Turns out that, apropos of my post today about instrumentalism and field friendships, there are a couple of thought-provoking posts by John Jackson (univ. of pennsylvania) called “The presentation of self in ethnographic life” plus part 2 of the same post. He starts by pointing out that fieldwork has long been facilitated by a certain amount of strategic self-presentation, even strategic ignorance, in the field situation, while back at home in the university, one of course presents oneself as an expert. But, he points out, now that ethnographers’ work and presentations are easily available online, their field informants can easily look up what’s being said about them, making the ethnographers’ strategic self-presentation that much more constrained. Ethnographic representation, in short, becomes more accountable when it’s digitally available and when one works with internet-savvy populations. This is, for Jackson, a mixed blessing, an advantage for ethical discipline but a potential limit on the kinds of productive slippages in self-presentation that catalyze ethnographic work. As he puts it (in part 2):
It makes sense to think about how ethnographers are re-disciplined in a world where their backstage (back “home”) continues to shrink.

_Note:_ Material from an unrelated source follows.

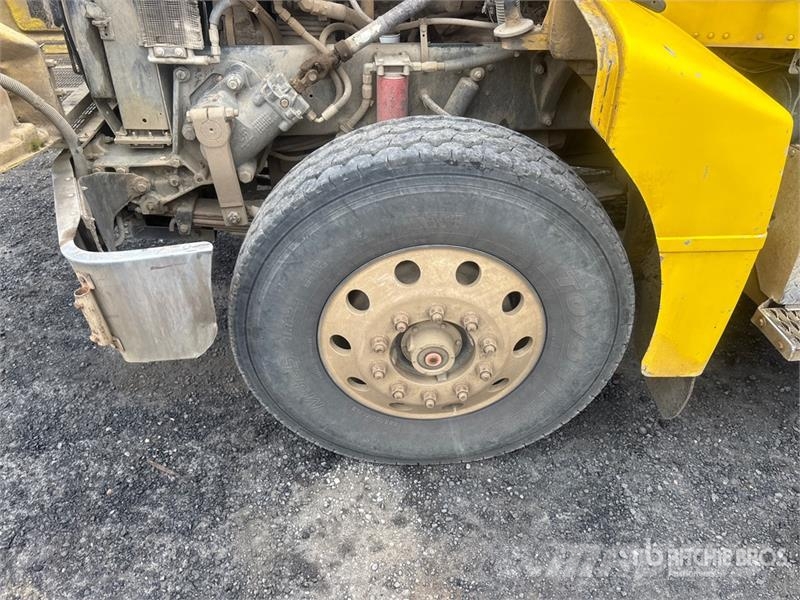 Peterbilt 385 8x4 Tri/A Dump Truck Kiper tovornjaki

That might just be another leveling of the ethnographic playing field, maybe even a welcome one, but it does demand that we reconfigure the ethnographic context to include the kinds of feedback loops and post-fieldwork exchanges that the Internet and other new (increasingly inexpensive) technological outlets facilitate.
Needless to say, such a problem is thought-provoking when it comes to this blog, which obviously serves to make my analysis of French universities immediately accessible to any French universitaire who cares to search for my name.